A hands-on approach to stuffing proxy IPs into Python's pants pockets
The old driver of the crawler knows that Requests library is like the key to open the excavator, but without the proxy IP support, it will be caught by the site security (anti-crawling mechanism) in a minute. Today let's talk about how to put ipipgo proxy IP into the Python pants pocket.
import requests
The right way to open a proxy IP
proxies = {
"http": "http://user:password@gateway.ipipgo.com:9020",
"https": "http://user:password@gateway.ipipgo.com:9020"
}
response = requests.get("https://目标网站", proxies=proxies)
Watch this space.User name and passwordYou have to change the authentication information you got from ipipgo, and don't copy the port number, as each package gives a different channel.

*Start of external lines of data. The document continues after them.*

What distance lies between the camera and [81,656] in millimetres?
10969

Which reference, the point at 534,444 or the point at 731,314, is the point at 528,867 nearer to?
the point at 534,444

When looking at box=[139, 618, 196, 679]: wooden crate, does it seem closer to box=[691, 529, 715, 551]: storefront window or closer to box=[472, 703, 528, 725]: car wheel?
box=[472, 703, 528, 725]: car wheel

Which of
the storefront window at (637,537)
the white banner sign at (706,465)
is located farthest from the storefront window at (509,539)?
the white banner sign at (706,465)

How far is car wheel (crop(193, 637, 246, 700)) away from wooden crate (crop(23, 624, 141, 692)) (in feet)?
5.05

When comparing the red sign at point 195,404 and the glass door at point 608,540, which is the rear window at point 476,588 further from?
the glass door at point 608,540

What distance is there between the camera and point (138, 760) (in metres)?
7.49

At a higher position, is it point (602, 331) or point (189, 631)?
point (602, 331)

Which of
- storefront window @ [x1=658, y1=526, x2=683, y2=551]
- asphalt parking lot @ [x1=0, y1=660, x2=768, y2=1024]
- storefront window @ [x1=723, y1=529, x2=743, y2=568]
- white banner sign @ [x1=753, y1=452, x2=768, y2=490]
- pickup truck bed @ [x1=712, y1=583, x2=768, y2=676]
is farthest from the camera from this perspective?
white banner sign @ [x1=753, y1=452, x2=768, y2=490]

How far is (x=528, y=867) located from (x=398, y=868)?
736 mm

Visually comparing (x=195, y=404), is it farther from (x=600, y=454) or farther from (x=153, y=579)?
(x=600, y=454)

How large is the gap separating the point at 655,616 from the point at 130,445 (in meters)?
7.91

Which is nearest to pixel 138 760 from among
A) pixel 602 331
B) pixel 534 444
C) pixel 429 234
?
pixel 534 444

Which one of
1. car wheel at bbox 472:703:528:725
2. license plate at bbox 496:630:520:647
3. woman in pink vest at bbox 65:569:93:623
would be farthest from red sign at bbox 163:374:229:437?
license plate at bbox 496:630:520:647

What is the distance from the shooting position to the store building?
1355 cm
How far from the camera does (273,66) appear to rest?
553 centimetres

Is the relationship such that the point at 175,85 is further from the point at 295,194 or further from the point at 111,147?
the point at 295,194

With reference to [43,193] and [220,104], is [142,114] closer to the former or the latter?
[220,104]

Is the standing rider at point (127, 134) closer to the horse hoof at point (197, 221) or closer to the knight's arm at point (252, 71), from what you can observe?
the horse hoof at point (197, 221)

I fell into this last time, copying the port to the document and ended up blind for half an hour.
Winding up the Socks5 proxy
There are some special scenarios where you have to use socks5 protocol, and this time you have to install a small motor for Requests. First, install the dependency libraries:
pip install requests[socks]
The configuration poses are slightly different:
proxies = {
'http': 'socks5://user:password@gateway.ipipgo.com:9021',
'https': 'socks5://user:password@gateway.ipipgo.com:9021'
}
Here is a pitfall, ipipgo's socks port and http port are separate, don't get confused. I've used 9020 and 9021 in reverse before, and the program got stuck like a tractor.
Guerrilla tactics with dynamic IPs
If you're using a dynamic residential proxy, remember to add astochastic switchingThe organs of the
import random
def get_random_proxy():
proxy_list = [
"http://user:password@gateway2.ipipgo.com:9020", "http://user:password@gateway2.ipipgo.com:9020", "http://user:password@gateway2.ipipgo.com:9020", "http://user:password@gateway2.ipipgo.com:9020
"http://user:password@gateway3.ipipgo.com:9020"
]
return {'http': random.choice(proxy_list), 'https': random.choice(proxy_list)}
response = requests.get(url, proxies=get_random_proxy())
So that every request for a change of armor, anti-climbing system will not recognize you. But pay attention to ipipgo's dynamic package is based on traffic billing, don't slip and write a dead loop to use the package over.
QA First Aid Kit
Q: What can I do if the agent can't connect?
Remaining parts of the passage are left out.